(Source data)
▼

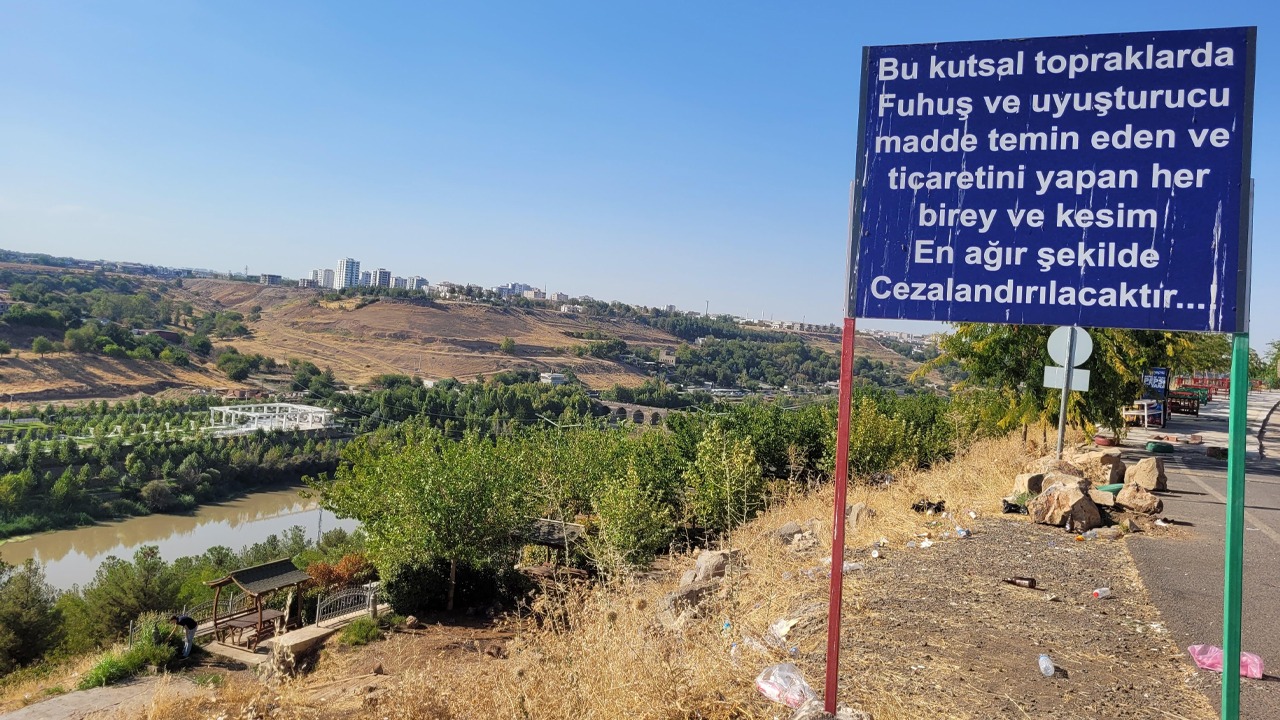 Diyarbakır’da Görenleri Şok Eden Tabela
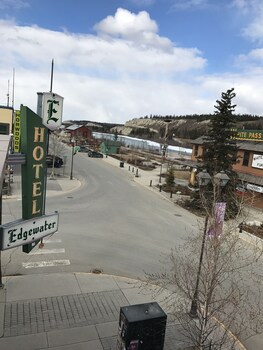Edgewater Hotel,Yukon>>Whitehorse,4 star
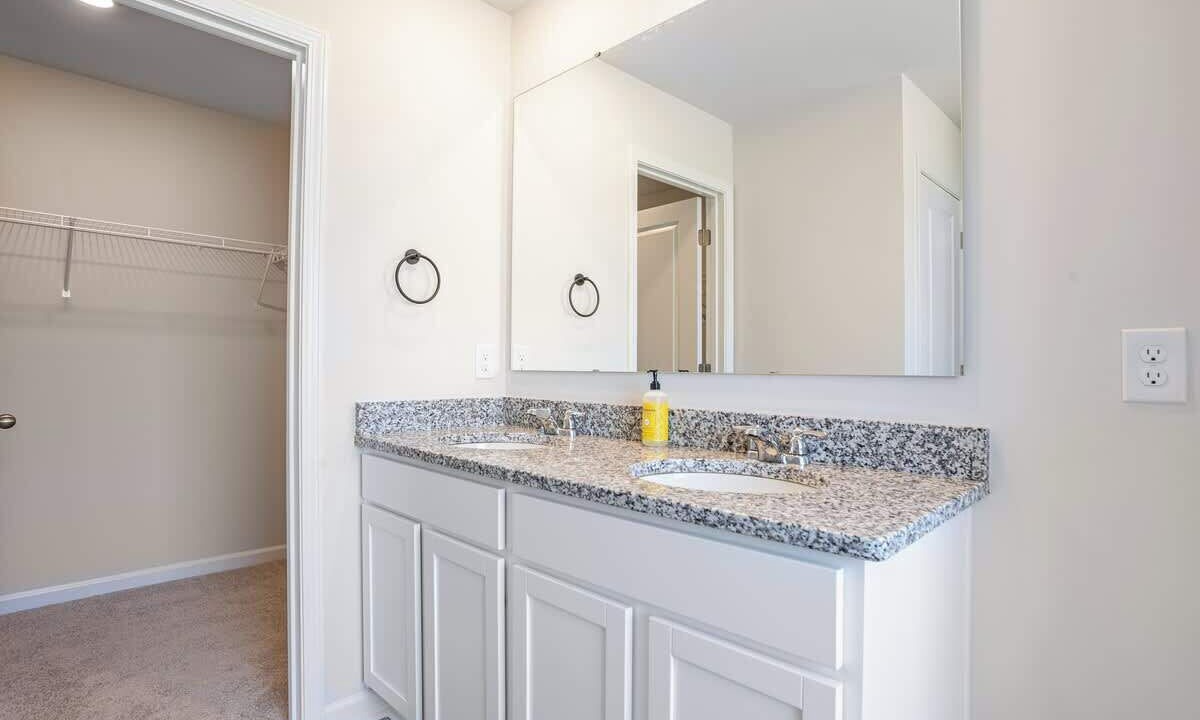 Photo of Bathroom in Graniteville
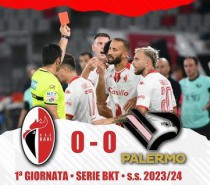 Bari-Palermo 0-0 non si vince neanche in 11 contro 9 (VIDEO) Bari-Palermo 0-0 non si vince neanche in 11 contro 9 (VIDEO)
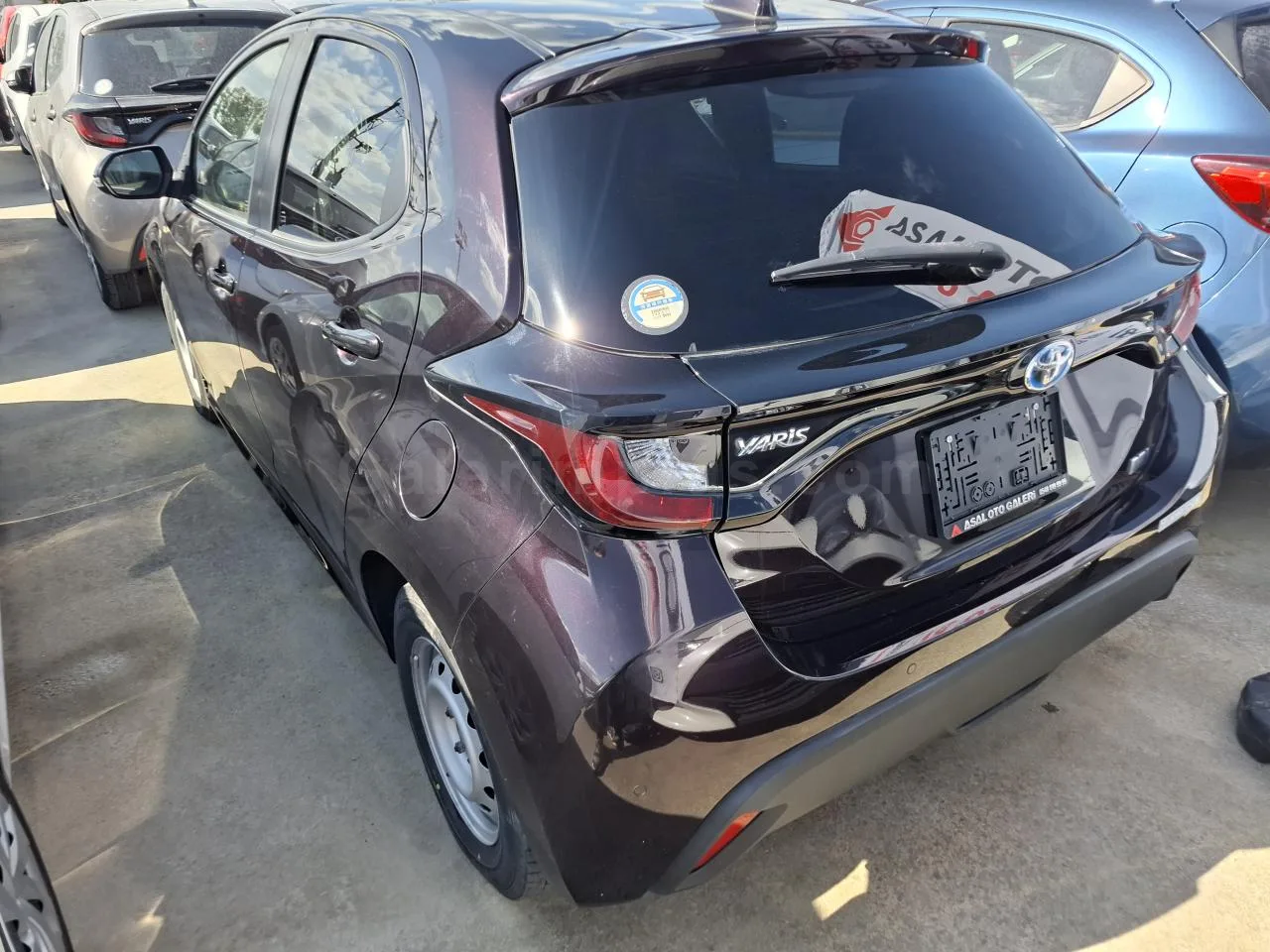 2021 Model Otomatik Toyota Yaris 1.5 Hybrid Lefkoşa Satılık İkinci El | GalerimPlus - Thumbnail 3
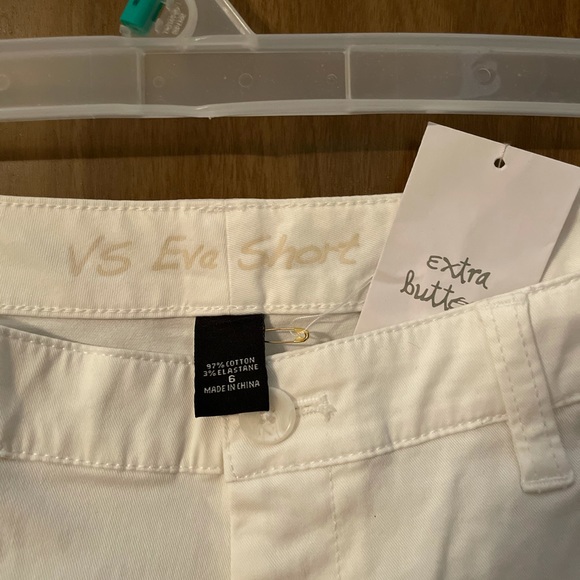 NWOT Victoria’s Secret Eva Shorts - Picture 2 of 3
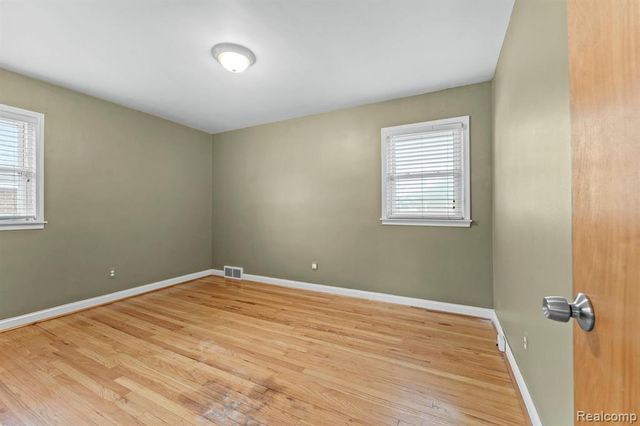 15629 Oceana Avenue, Allen Park, MI 48101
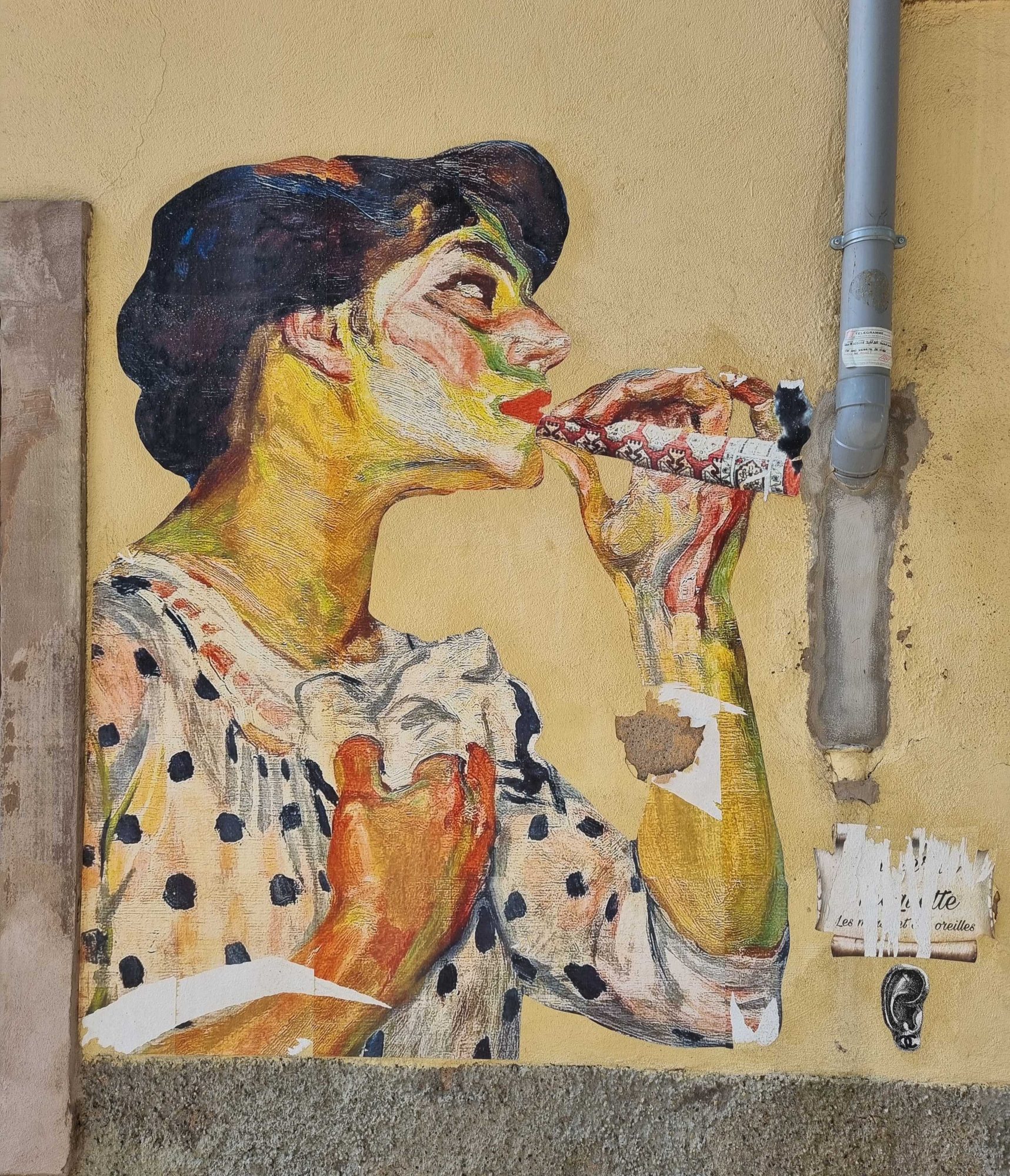Femme jaune dégustant — Street art à Strasbourg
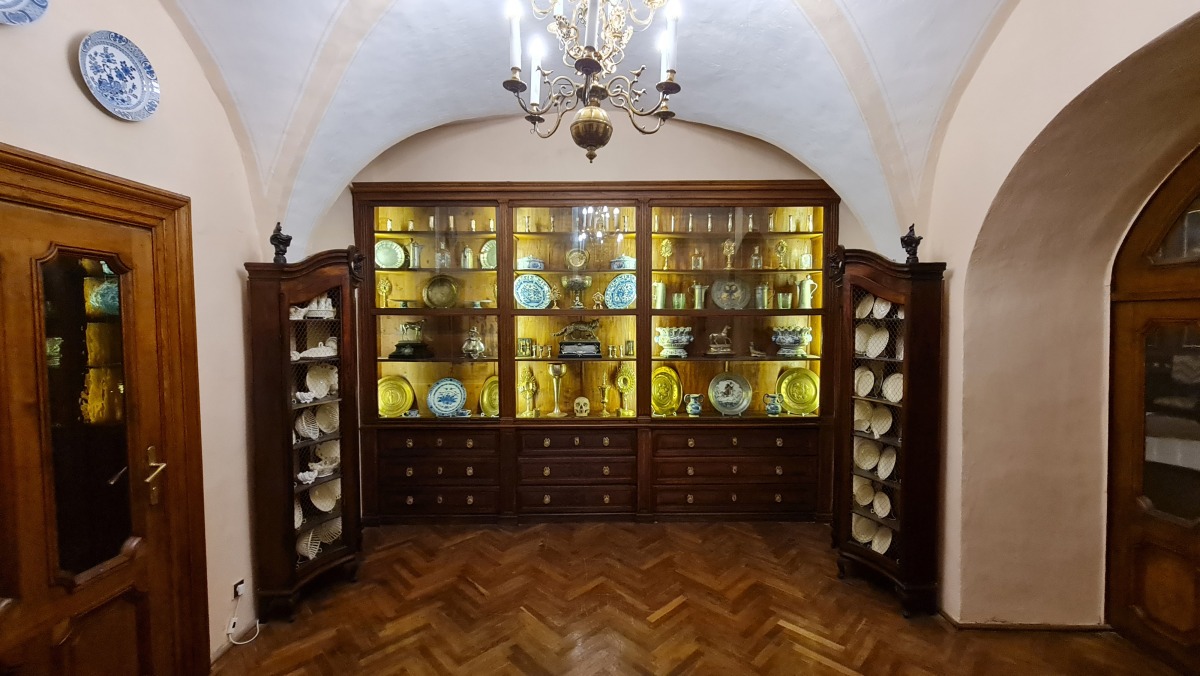 Porcelan a dalsie exponaty v muzeu Betliar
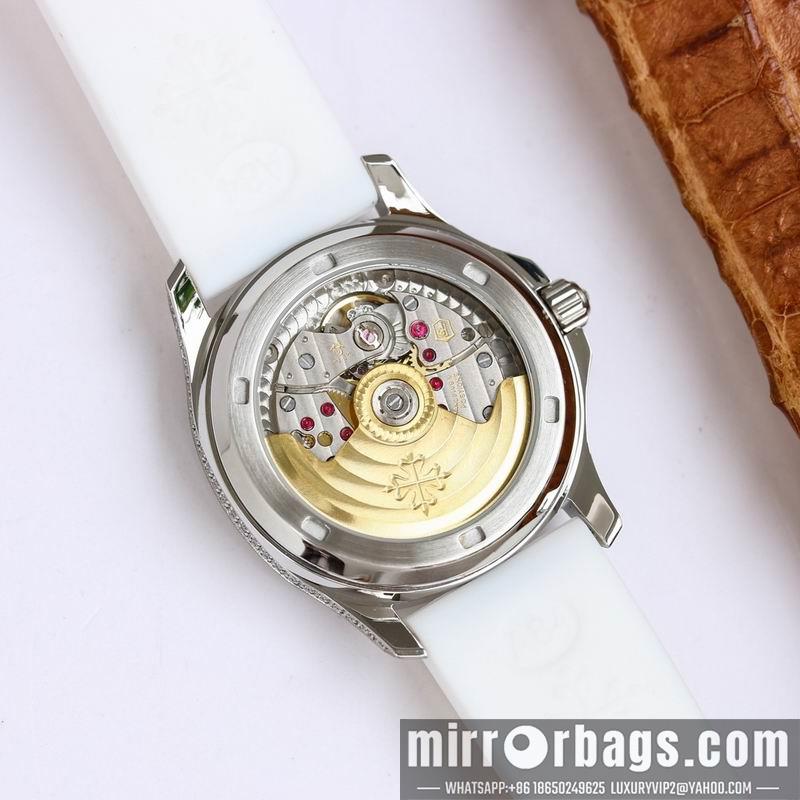 Patek Philippe 35.6X9.5mm 050466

▲

EXERCISE BRIEF:
Excluding the pictures, restate word for word the lines from the one that holds "15629 Oceana Avenue, Allen Park, MI 48101" through the last line of the entries, both ends included.

SOLUTION:
 15629 Oceana Avenue, Allen Park, MI 48101
Femme jaune dégustant — Street art à Strasbourg
 Porcelan a dalsie exponaty v muzeu Betliar
 Patek Philippe 35.6X9.5mm 050466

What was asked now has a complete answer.